WORK REQUIRED: Your task is to repeat the entries exactly. Leave the pictures out.

Short descriptive text snippets:
=== Section Start ===

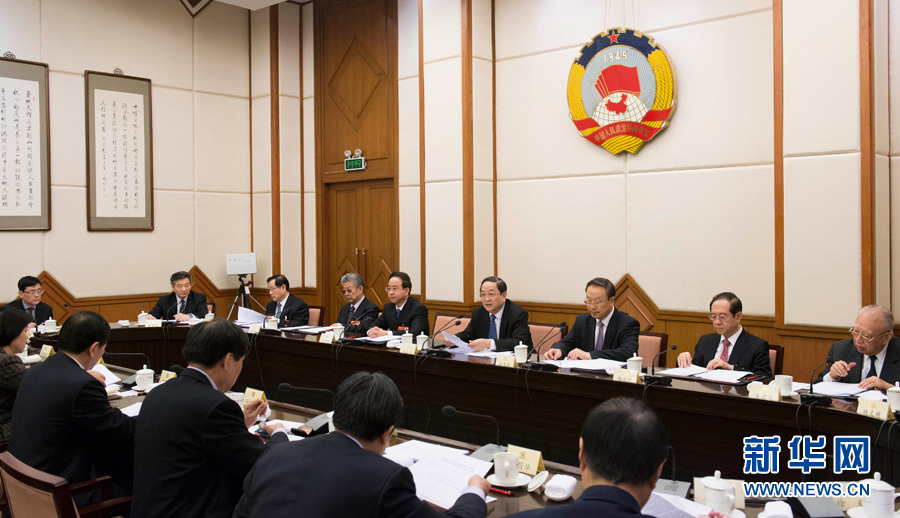 3月9日，全国政协十二届一次会议主席团常务主席会议第一次会议在北京举行。 新华社记者 李学仁摄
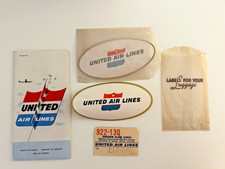 Vintage1950's United Airlines Ticket Jacket Baggage Claim Check & 2 Luggage tags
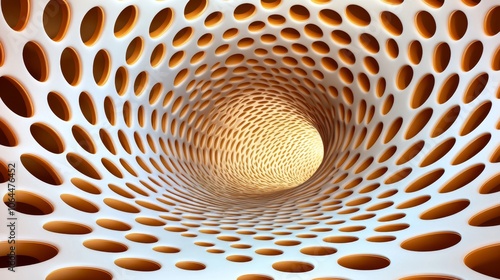 Abstract Tunnel with White and Orange Circular Pattern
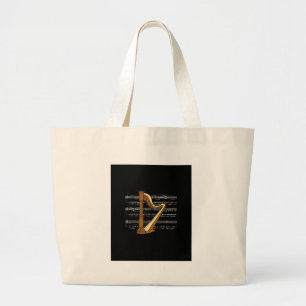Harp With White Music Sheet Notes ~ Black B'groung Large Tote Bag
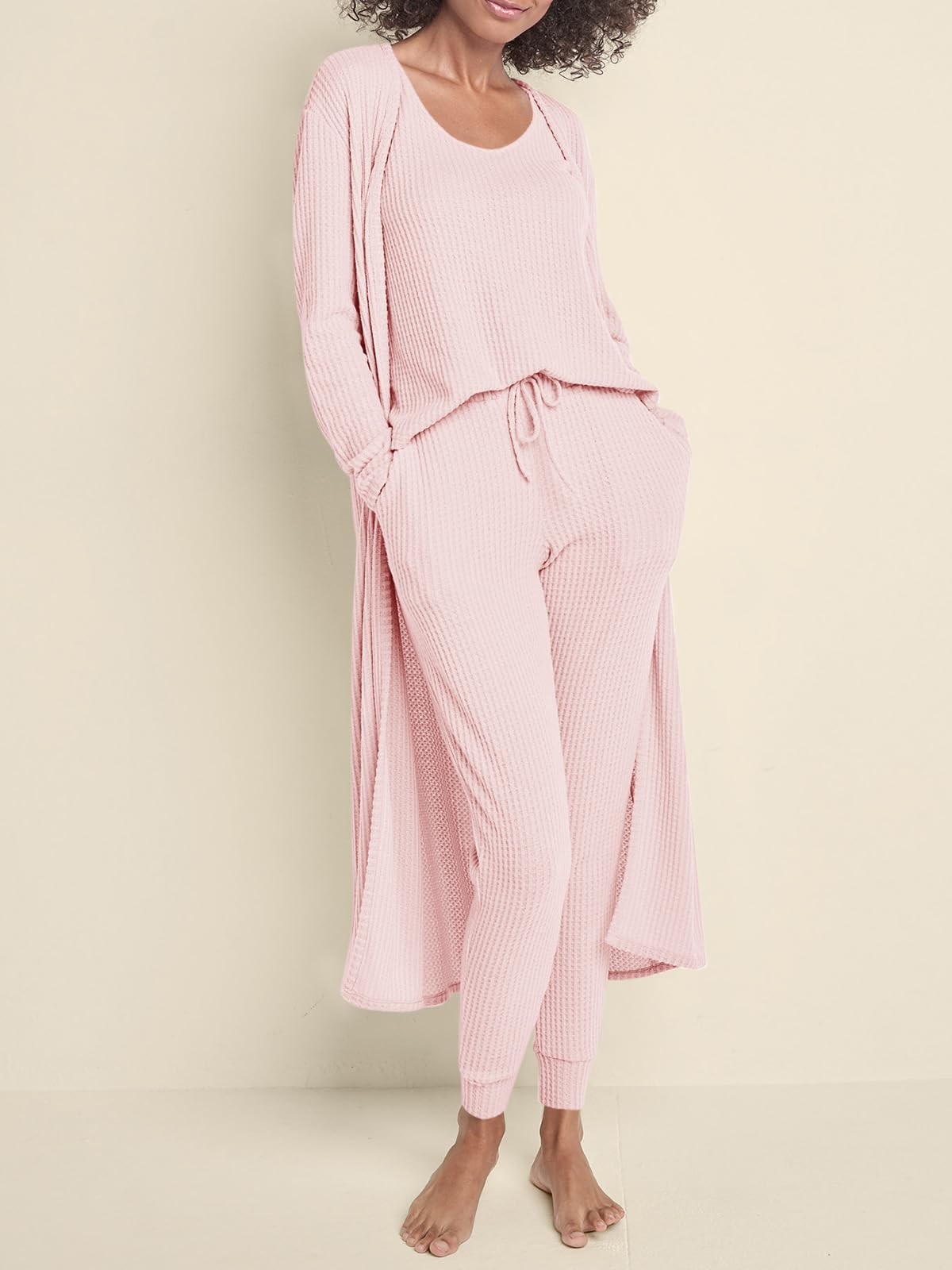 Eurivicy Womens Lounge Set Waffle Knit 3 Piece Pajama Sets Tank Tops Loose Pants with Long Cardigan Loungewear 2024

=== Section End ===

RESULT OF THIS EXERCISE:
 3月9日，全国政协十二届一次会议主席团常务主席会议第一次会议在北京举行。 新华社记者 李学仁摄
 Vintage1950's United Airlines Ticket Jacket Baggage Claim Check & 2 Luggage tags
 Abstract Tunnel with White and Orange Circular Pattern
Harp With White Music Sheet Notes ~ Black B'groung Large Tote Bag
 Eurivicy Womens Lounge Set Waffle Knit 3 Piece Pajama Sets Tank Tops Loose Pants with Long Cardigan Loungewear 2024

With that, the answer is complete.